Buying a Condo in Vancouver, A Word of Caution
Condos are selling like hot cakes in Vancouver right now. New developments allow investors to secure a brand new unit for a deposit as low as $5,000. The intention of this blog post is not to talk about the risk of an interest rate hike or a condo market downturn. The intention is to remind investors to plan for a day three years down the road when the unit will be completed and mortgage financing will be required.
The only initial requirement from an investor is the $5,000 itself. Even if low interest rates persist three years from now, an investor will still need to qualify for a mortgage upon completion.

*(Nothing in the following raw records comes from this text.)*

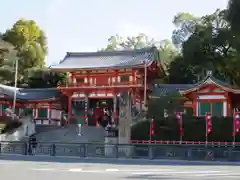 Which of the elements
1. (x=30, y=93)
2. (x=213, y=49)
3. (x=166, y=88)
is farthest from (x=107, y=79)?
(x=213, y=49)

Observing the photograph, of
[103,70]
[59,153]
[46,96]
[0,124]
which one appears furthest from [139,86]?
[59,153]

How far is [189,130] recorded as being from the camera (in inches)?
1238

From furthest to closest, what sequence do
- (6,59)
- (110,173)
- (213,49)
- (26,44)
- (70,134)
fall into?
(26,44) → (6,59) → (213,49) → (70,134) → (110,173)

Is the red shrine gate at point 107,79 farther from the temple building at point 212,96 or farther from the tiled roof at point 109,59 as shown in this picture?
the temple building at point 212,96

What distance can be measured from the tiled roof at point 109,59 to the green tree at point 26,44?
10.1 metres

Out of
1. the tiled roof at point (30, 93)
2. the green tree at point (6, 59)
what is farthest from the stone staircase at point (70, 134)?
the green tree at point (6, 59)

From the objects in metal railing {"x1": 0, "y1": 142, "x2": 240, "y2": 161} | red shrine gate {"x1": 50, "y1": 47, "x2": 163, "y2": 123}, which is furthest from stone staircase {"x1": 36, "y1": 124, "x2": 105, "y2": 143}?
metal railing {"x1": 0, "y1": 142, "x2": 240, "y2": 161}

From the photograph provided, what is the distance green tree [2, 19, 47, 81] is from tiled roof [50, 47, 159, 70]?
10.1m

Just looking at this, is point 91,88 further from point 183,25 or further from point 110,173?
point 110,173

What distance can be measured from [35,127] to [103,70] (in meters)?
9.54

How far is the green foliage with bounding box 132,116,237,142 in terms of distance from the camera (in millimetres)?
30594

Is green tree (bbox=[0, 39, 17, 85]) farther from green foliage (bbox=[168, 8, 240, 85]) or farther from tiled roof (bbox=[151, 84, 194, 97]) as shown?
green foliage (bbox=[168, 8, 240, 85])

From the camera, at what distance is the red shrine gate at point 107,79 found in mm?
43625

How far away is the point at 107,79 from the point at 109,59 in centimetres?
304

Many unplanned events can occur that can put mortgage qualification at risk. Examples include a marital breakdown where spousal payments are required, a job loss due to an economic downturn, or a business contraction, especially if you are self-employed or a small business owner.
Banks and lenders generally require personal and business tax returns for the last two years as part of the process of assessing credit worthiness. If your business has been slow, steps will need to be taken to ensure you qualify for the mortgage. This is also the case for existing property owners who are expecting to renew their mortgage – the renewal is not an automatic process. Property owners with weak incomes have been caught off-guard when trying to renew their mortgages – even in this low interest rate environment.
The main point is that is if your business is weak, find ways to turn it around now. Successful qualification for mortgage financing is based on the last two years of your income. Don’t wait until your new condo unit is built to think about this or it will be too late.